The Importance of Planning and Budgeting Alignment
Most companies don't plan to stay the same or do the same thing forever. Even the smallest business has a vision for the future evolution of the company. Planning is the first step towards achieving growth for any organization, and budgeting is the ongoing process to manage this growth.
Planning and budgeting alignment ensures you have what you need to wisely allocate funds for growth.
Unfortunately, some companies lose sight of the connection between planning and budgeting. Companies often have budgets that conflict with their strategies, even though they recognize the connection between the two. It's a common mistake for a company’s budget to be at odds with its strategy. Aligning planning and budget is a crucial step to achieving your company's goals and objectives.
The relationship between strategic planning and budgeting
Your strategic plan is the vision for your company. It’s aspirational like a mission statement, but more pragmatic. Detailed financial plans set your organizational goals.
Your business budget should guide you in allocating resources to execute on that vision. The budgeting process ensures that you convert your company's raw materials — personnel, money, tools — into efficient business operations.

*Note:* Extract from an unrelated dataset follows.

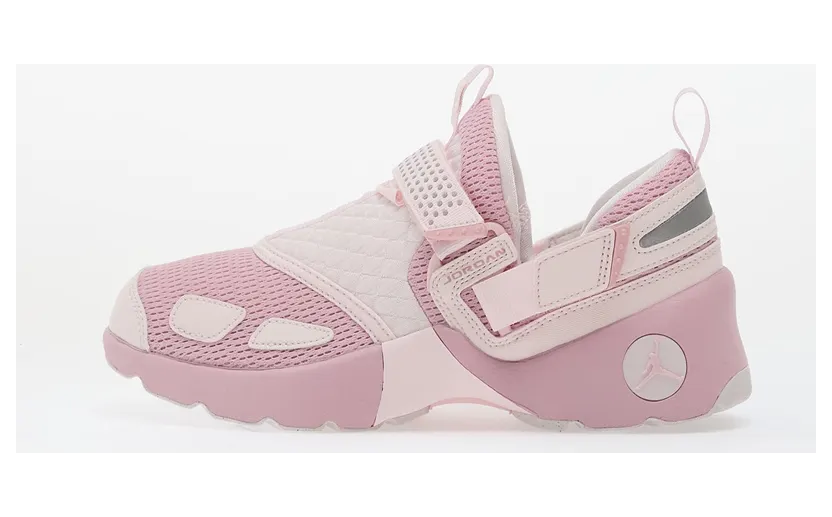 Jordan Trunner LX Iced Carmine Pearl Pink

When you create a budget, avoid allocating funds for operations and smaller projects that don't feed into the larger plan.
At the same time, make sure your plan is realistic. Realistic goal setting helps you make smarter business choices and avoid budget overextension down the line. A plan that tries to do everything at once and falls short because ends up hurting your high level goals.

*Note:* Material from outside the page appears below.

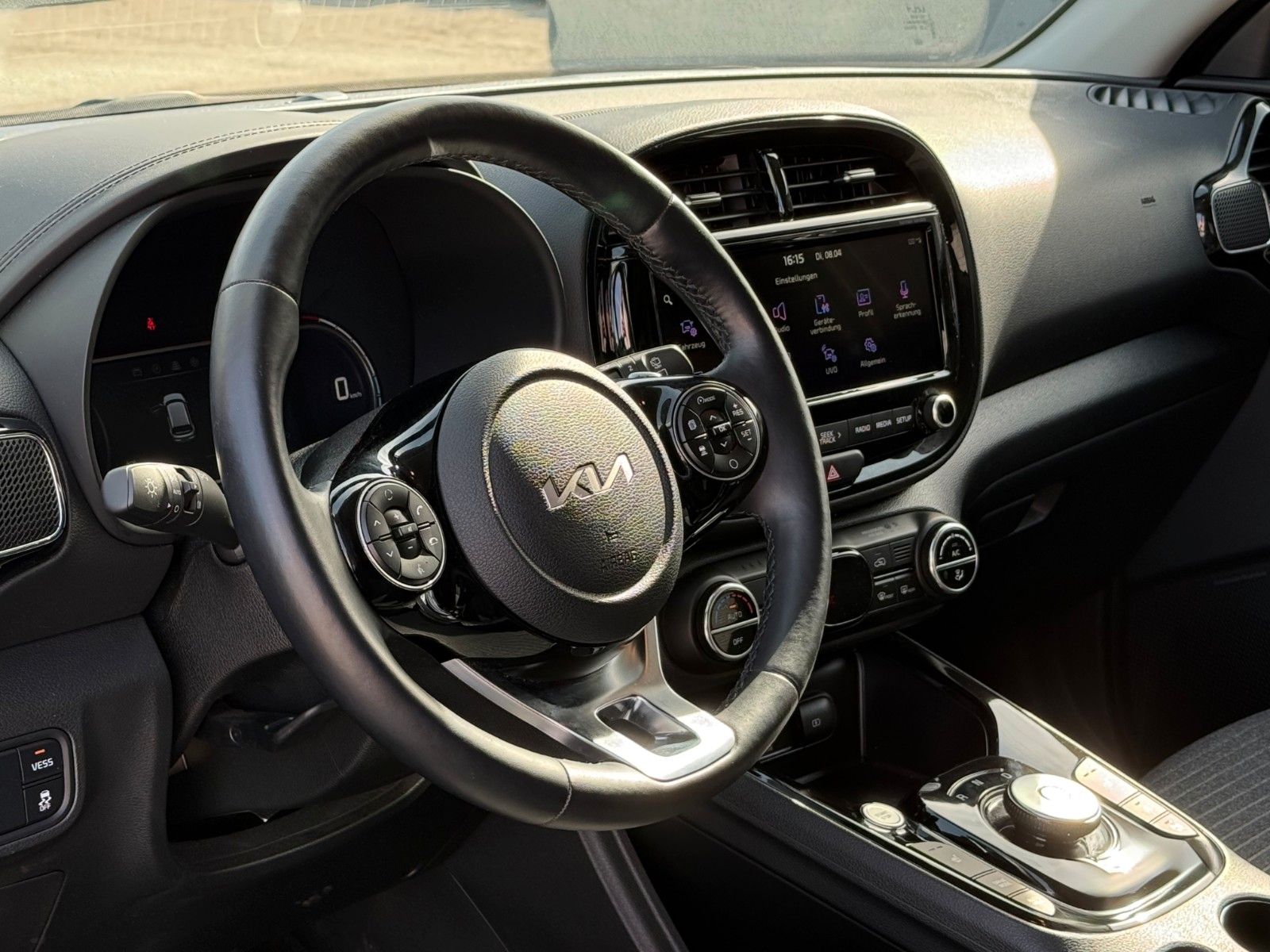 Fahrzeugabbildung Kia e-Soul 64 kWh Vision H&K Kam Navi Temp LKAS LHZ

Aligning your budget with your corporate vision is easier said than done. Here are three keys to aligning your strategic planning and budgeting processes.

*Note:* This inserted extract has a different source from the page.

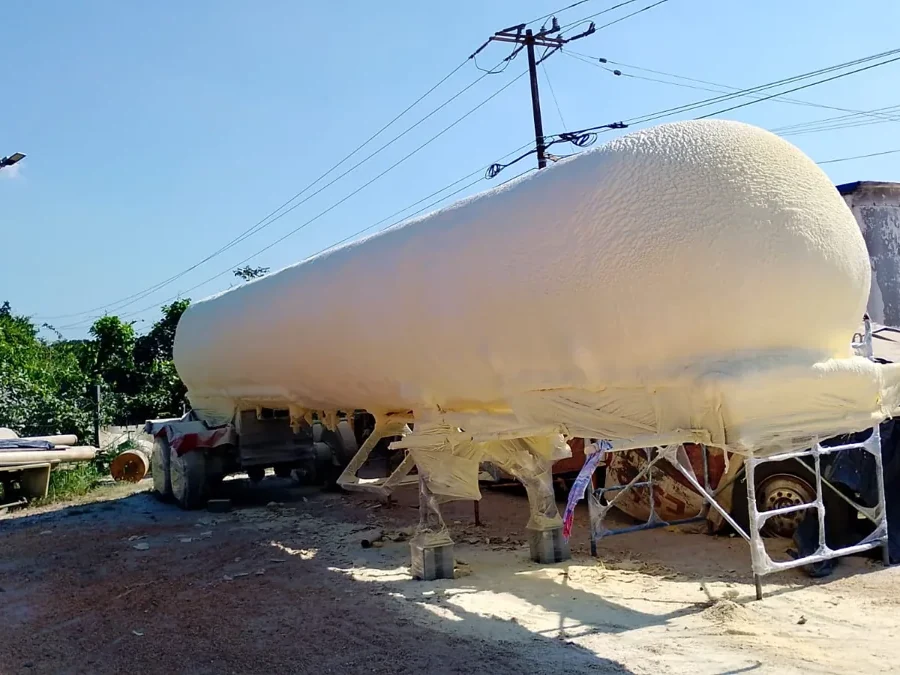 Tanque horizontal recubierto con aislamiento de poliuretano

Create business budgets with strategic plans in mind
Most business plans span a longer period than 12 months. Most budgets look at a specific 12-month period, or annual budget. There are a few ways to reconcile these differing timelines, including rolling budgets (see below).
If your business maintains an annual budget, be sure to include long-term plans and goals into the budgeting process early. This is the best way to avoid allocating funds to short-term projects that don't advance your financial goals.
Build transparency into budgeting and planning processes
Most companies have separate teams that handle planning and budgeting processes. The team members that set the strategic plan are not always the same people that define the nitty gritty budget details.
It’s impossible for the finance team to support the larger business plan if they don’t know what it is. Executives must transparently to communicate high level goals to directors and managers. This allows them to allocate resources to strategic projects at the appropriate time and to make better business decisions.
Review, measure, and adjust budgets and plans
Organizations need to measure strategic progress against their defined goals. They also need to regularly ensure that their plans aren’t outpacing the actual budget.
A dip in sales, a hiccup with suppliers, a financial change for potential investors — any of these factors can throw a wrench into your plans.
You can ensure that your planning remains nimble by adopting a rolling budget. Rolling budgets help companies adjust quickly to meet new business demands while still sticking to a larger plan. Regularly reviewing budgets helps to quickly identify and address any changes from the original budget. This in turn allows the company to remain flexible and achieve its objectives.
Planning and budgeting are both important to the stability and growth of a company. A company must closely align and review these two processes to successfully maintain its growth and meets its goals.